Are my expectations too high?

Here's the story. So I'm 30. Married, homeowner, just had my first baby in January. My mom lives with me. My parents divorced when I was 2. Mostly due to a difference in thinking in regards to finances. She's not what I would call financially responsible. She was supposed to pay rent. She doesn't. She was supposed to watch my son while I was at work 2 days a week. She doesn't. She works at a grocery store, anytime we ask her to bring something home she conveniently doesn't have money or forgets her debit card. I take medication for depression.

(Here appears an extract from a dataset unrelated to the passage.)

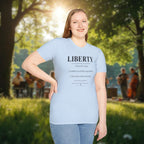 LIBERTY — DEFINED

I have major depressive disorder with suicidal ideation, anxiety, trichotillomania, dermatillomania, and mild OCD. Mixed with PPD and new mother anxiety. I just went out of work on disability because I'm really struggling lately. Add to that, 6 month sleep regression. I don't shower. I don't sleep. I'm in a bad spot. (Don't worry, my son is clean and fed and in no danger whatsoever, he is the reason I wake up everyday and while I can't/don't take care of myself he is well taken care of. He's the reason I'm breathing and typing this right now) My mother knows I'm struggling. She comes home from work, eats dinner, showers, and sleeps at her boyfriends probably 4/5 nights a week. Yesterday I couldn't get the baby to sleep all day. She had off today and needed to be home because we have family visiting from out of town for lunch. Last night she ate dinner, and went to her boyfriends. I had to go to the store for a few things this morning. Our family was coming for lunch around noon. My son didn't sleep last night. So at 8am she starts texting me that she won't be home till 11am. Mind you, she's not doing anything, she's off and she's just hanging out at her boyfriends. So now I have to take my miserable tired 6 month old (and self) to the store with me to get what I needed for lunch today. Great. I wanna strangle her. I understand he's my child. I understand she has a life. I don't understand how she could live here, for free, not help with anything, come and go as she pleases, and not feel even a little guilty. Honestly, I don't think I'm asking too much. Let me take a nap. Or run an errand. I'm not asking her to stay up all night with the baby. Are my expectations too high?